If you want to use the NVIDIA RTX A5000 GPU with PyTorch, please check the instructions at https://pytorch.org/get-started/locally/
warnings.warn(incompatible_device_warn.format(device_name, capability, " ".join(arch_list), device_name))
RuntimeError Traceback (most recent call last)
in
1 # run the model
----> 2 runner = Jobs(opt)
3 max_score = runner.train()
4 print("Train finish, best val score: {:.3f}".format(max_score))
5 test_score = runner.translate()
in init(self, opt)
7 self._build_device(self.opt)
8 self._build_dataloader()
----> 9 self._build_model()
10 self._build_optimizer()
11 self._build_evaluation()
in _build_model(self)
75
76 def _build_model(self):
---> 77 self.model = Graph2Seq.from_args(self.opt, self.vocab).to(self.device)
78
79 def _build_optimizer(self):
~/anaconda3/envs/g4nlp/lib/python3.8/site-packages/torch-1.10.2-py3.8-linux-x86_64.egg/torch/nn/modules/module.py in to(self, *args, **kwargs)
897 return t.to(device, dtype if t.is_floating_point() or t.is_complex() else None, non_blocking)
898
--> 899 return self._apply(convert)
900
901 def register_backward_hook(
~/anaconda3/envs/g4nlp/lib/python3.8/site-packages/torch-1.10.2-py3.8-linux-x86_64.egg/torch/nn/modules/module.py in _apply(self, fn)
568 def _apply(self, fn):
569 for module in self.children():
--> 570 module._apply(fn)
571
572 def compute_should_use_set_data(tensor, tensor_applied):
~/anaconda3/envs/g4nlp/lib/python3.8/site-packages/torch-1.10.2-py3.8-linux-x86_64.egg/torch/nn/modules/module.py in _apply(self, fn)
568 def _apply(self, fn):
569 for module in self.children():
--> 570 module._apply(fn)
571
572 def compute_should_use_set_data(tensor, tensor_applied):
~/anaconda3/envs/g4nlp/lib/python3.8/site-packages/torch-1.10.2-py3.8-linux-x86_64.egg/torch/nn/modules/module.py in _apply(self, fn)
568 def _apply(self, fn):
569 for module in self.children():
--> 570 module._apply(fn)
571
572 def compute_should_use_set_data(tensor, tensor_applied):
~/anaconda3/envs/g4nlp/lib/python3.8/site-packages/torch-1.10.2-py3.8-linux-x86_64.egg/torch/nn/modules/module.py in _apply(self, fn)
568 def _apply(self, fn):
569 for module in self.children():
--> 570 module._apply(fn)
571
572 def compute_should_use_set_data(tensor, tensor_applied):
~/anaconda3/envs/g4nlp/lib/python3.8/site-packages/torch-1.10.2-py3.8-linux-x86_64.egg/torch/nn/modules/rnn.py in _apply(self, fn)
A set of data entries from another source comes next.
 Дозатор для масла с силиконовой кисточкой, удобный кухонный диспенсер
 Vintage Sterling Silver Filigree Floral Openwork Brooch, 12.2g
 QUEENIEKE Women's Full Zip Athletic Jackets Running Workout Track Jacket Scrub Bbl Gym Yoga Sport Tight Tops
187 self._flat_weights = [(lambda wn: getattr(self, wn) if hasattr(self, wn) else None)(wn) for wn in self._flat_weights_names]
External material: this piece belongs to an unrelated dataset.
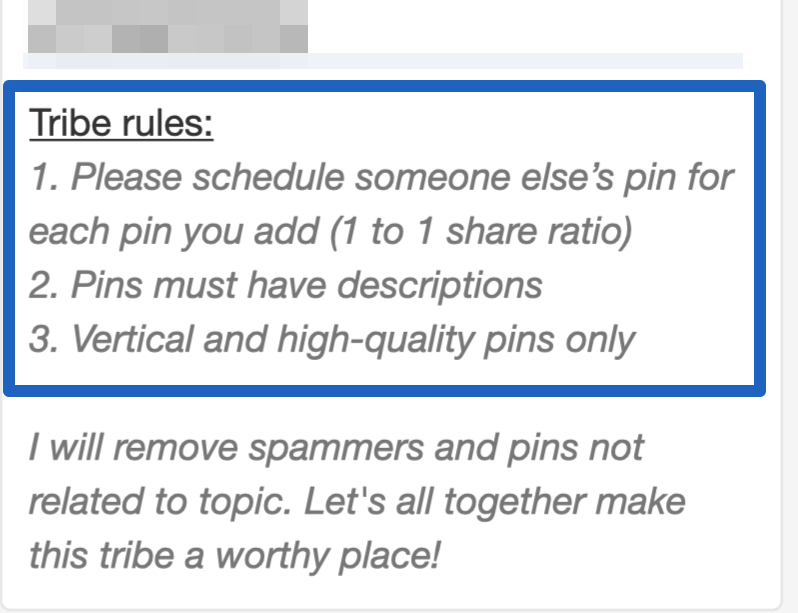 pinterest tribes rules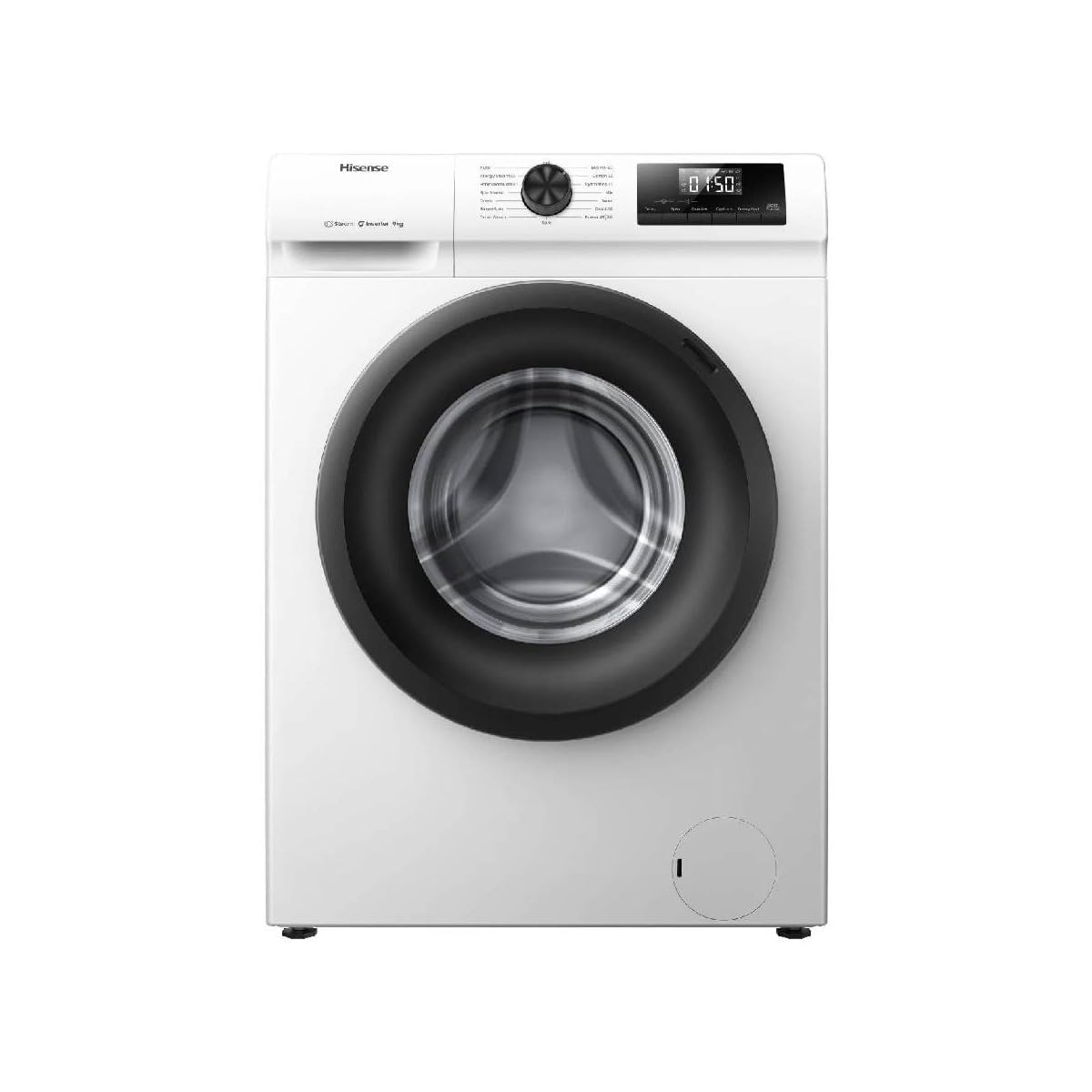 Hisense WF1Q9041BW Waschmaschine mit Dampffunktion / 9KG / 1400 U/Min /15 Programme/Anti-Allergie Programm/Baby-Wäsche/AutoWash/QuickWash 15 min/Daunen/Eco 40-60 °C/Power 49' / EEK: A/Weiß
188 # Flattens params (on CUDA)
--> 189 self.flatten_parameters()
190
191 return ret
~/anaconda3/envs/g4nlp/lib/python3.8/site-packages/torch-1.10.2-py3.8-linux-x86_64.egg/torch/nn/modules/rnn.py in flatten_parameters(self)
173 if self.proj_size > 0:
174 num_weights += 1
--> 175 torch._cudnn_rnn_flatten_weight(
176 self._flat_weights, num_weights,
177 self.input_size, rnn.get_cudnn_mode(self.mode),
RuntimeError: CUDA error: no kernel image is available for execution on the device
CUDA kernel errors might be asynchronously reported at some other API call,so the stacktrace below might be incorrect.
For debugging consider passing CUDA_LAUNCH_BLOCKING=1.`
Please make sure that the CUDA version and PyTorch build in your environment are consistent.
A recommended setup is to use conda for managing them:
conda install cudatoolkit=11.1 -c conda-forge
conda install pytorch -c pytorch
You may try this out and see if the problem remains. thanks.